Tessie Hutchinson, as the lottery “winner” symbolizes the hypocrisy that is present in a society which accepts and allows violence as long as it happens to someone else. Tessie Hutchinson begins to protest the lottery only when her family is chosen, and she is desperate to have the rules bent to include her daughter’s family. However, with several children and a daughter old enough to be married, she has obviously taken part in many lotteries and was presumably happy to throw stones in the past. Just as the other villagers do not question the lottery, Tessie herself has never questioned it until she realized that she could be chosen – her sense of justice, of what is “fair”, is not active until her own personal safety is at stake.
Davy Hutchinson, Tessie’s youngest son, symbolizes the corrupting nature of evil and society. He is only a child, and yet he, like the adults, must take his chance at the lottery. He does not understand the process at all – he cannot choose his ticket without help, and he looks around “wonderingly”. Davy is an innocent, but when Tessie is selected, he becomes corrupted – someone hands him a few pebbles, so that he can take part in the stoning of his mother.
The black box that is used to hold the lottery tickets is shabby and discolored, and “splintered badly”. Despite Mr. Summers’ repeated suggestions that they replace the box, the villagers continue to use what they have, even though it is worn with age.

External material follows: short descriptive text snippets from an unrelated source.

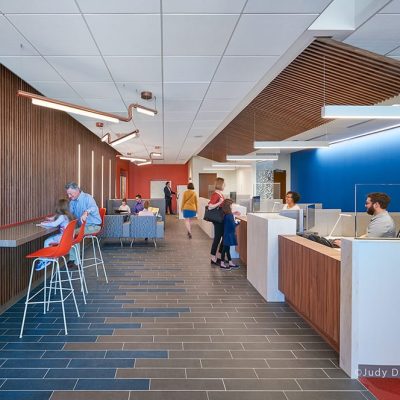 9Wood 1100 Cross Piece Grille at Kaiser Permanente Mob, Alexandria, Virginia. SmithGroup JJR Architects.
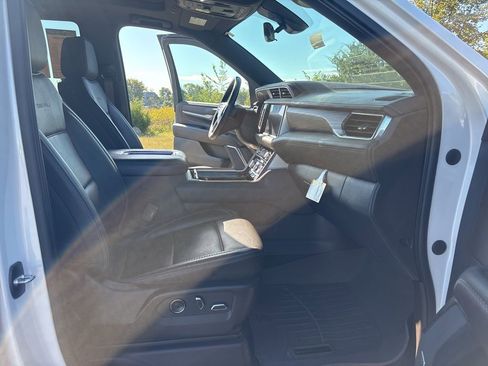 Used 2021 GMC Yukon Denali w/ Denali Premium Package image 23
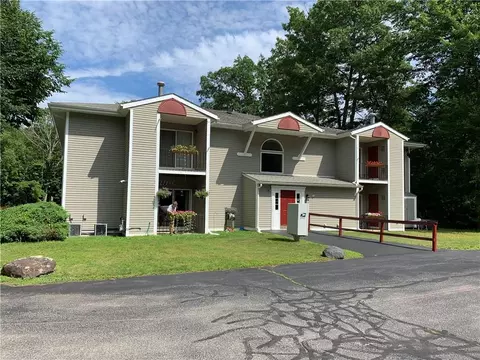 69 Kennedy Ln #3, Burrillville, RI 02830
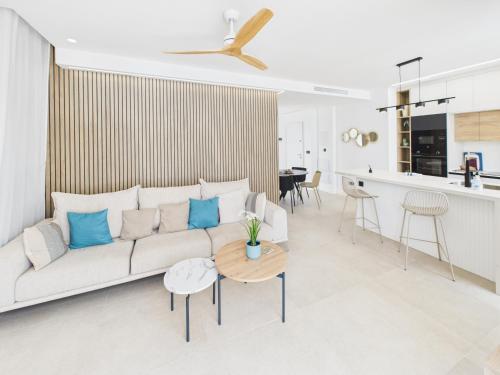 Luxury Apt with access to Europe's Largest Lagoon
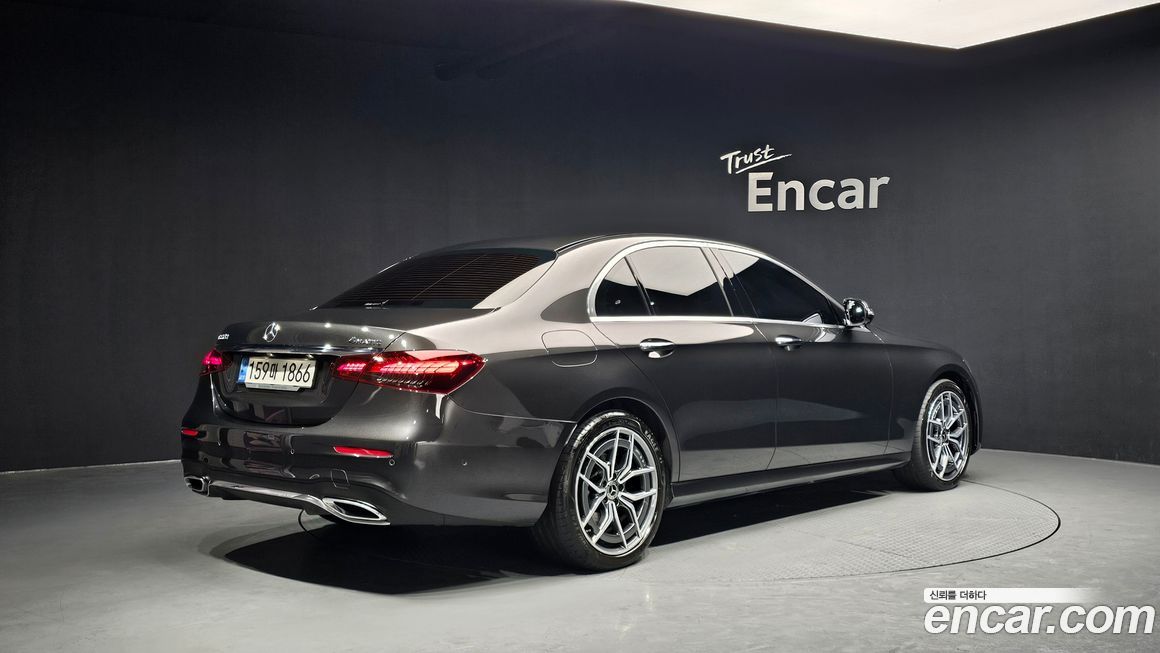 Mercedes-Benz E-Class E220d 4MATIC AMG Line, 2022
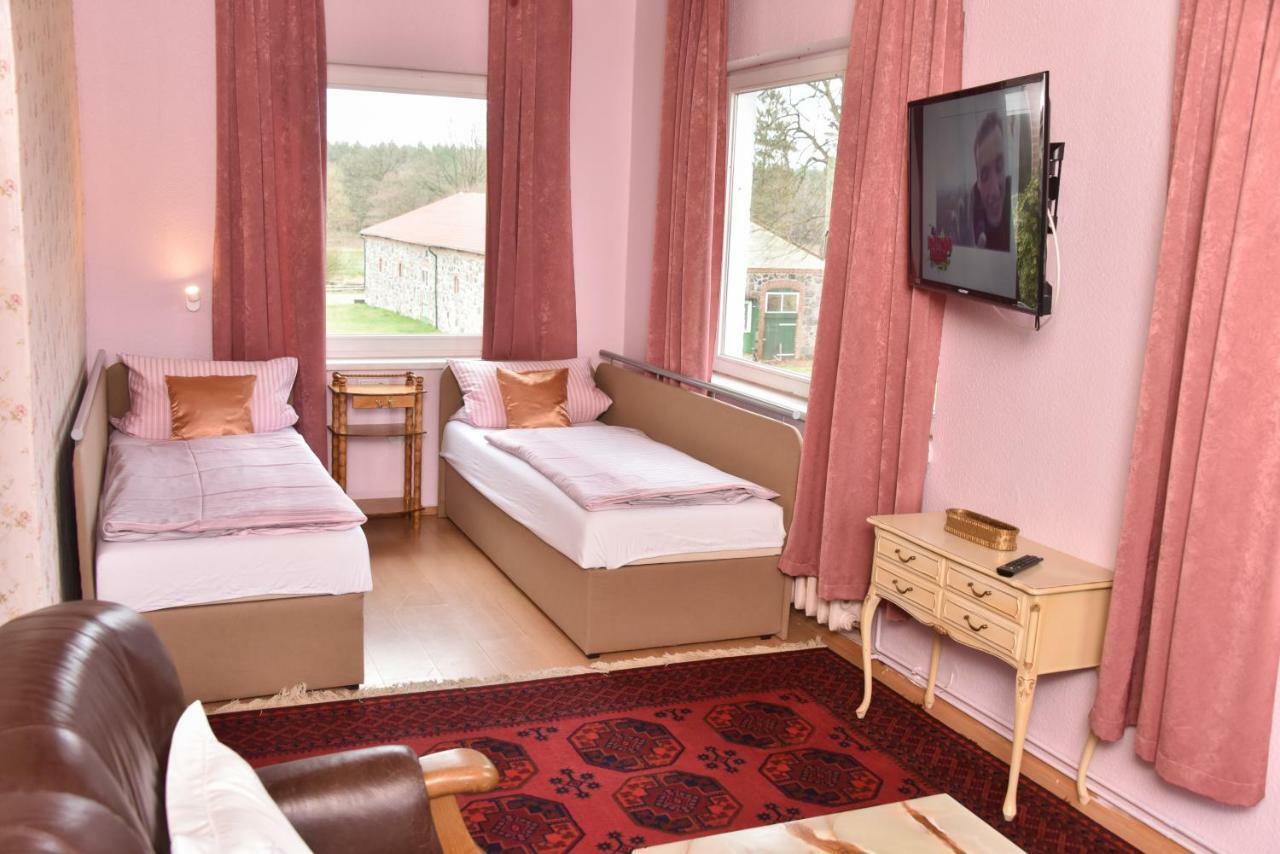 Gutshaus Darsikow Hotel Kültér fotó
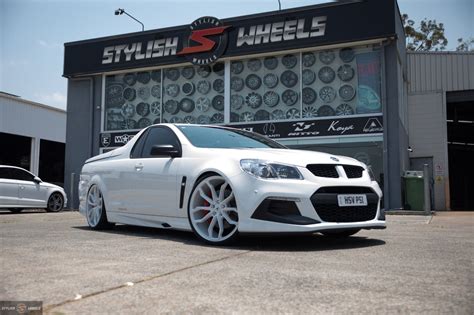 Hsv Commodore Ve Maloo R Red With Vertini Dynasty Off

The box and its age is a symbol of the ancient tradition of the lottery, and the village’s unwillingness to break with traditions – just as they refuse to replace the box, the villagers refuse to give up the lottery itself, even though other villages have already done so, and even though many of the villagers are no longer sure what the purpose of the lottery actually is.
The danger of observing old rituals without understanding why is another strong theme. Old Man Warner’s comments suggest that the lottery is a kind of sacrifice to ensure a good harvest – he says “Lottery in June, corn be heavy soon” and when Mr. Adams mentions towns that have given up the lottery, Warner’s response is “Next thing you know, they’ll be wanting to go back to living in caves, nobody work any more, live that way for a while” – he thinks that giving up the lottery would be a step backwards for their society, that they would become more primitive. The only concession to modernizing the lottery process is made when the village’s population reaches such a size that it is necessary to substitute slips of paper for the wood chips that were once used as tickets. Despite the fact that they refuse to give up these old traditions and rituals, the villagers conduct the lottery in a way that suggests that it has lost most of the meaning it once had. Most of the rituals has been “forgotten or discarded” – there was once ritual chanting, salutes, and robes, but they are no longer used. Only the lottery itself, and the stoning, remains.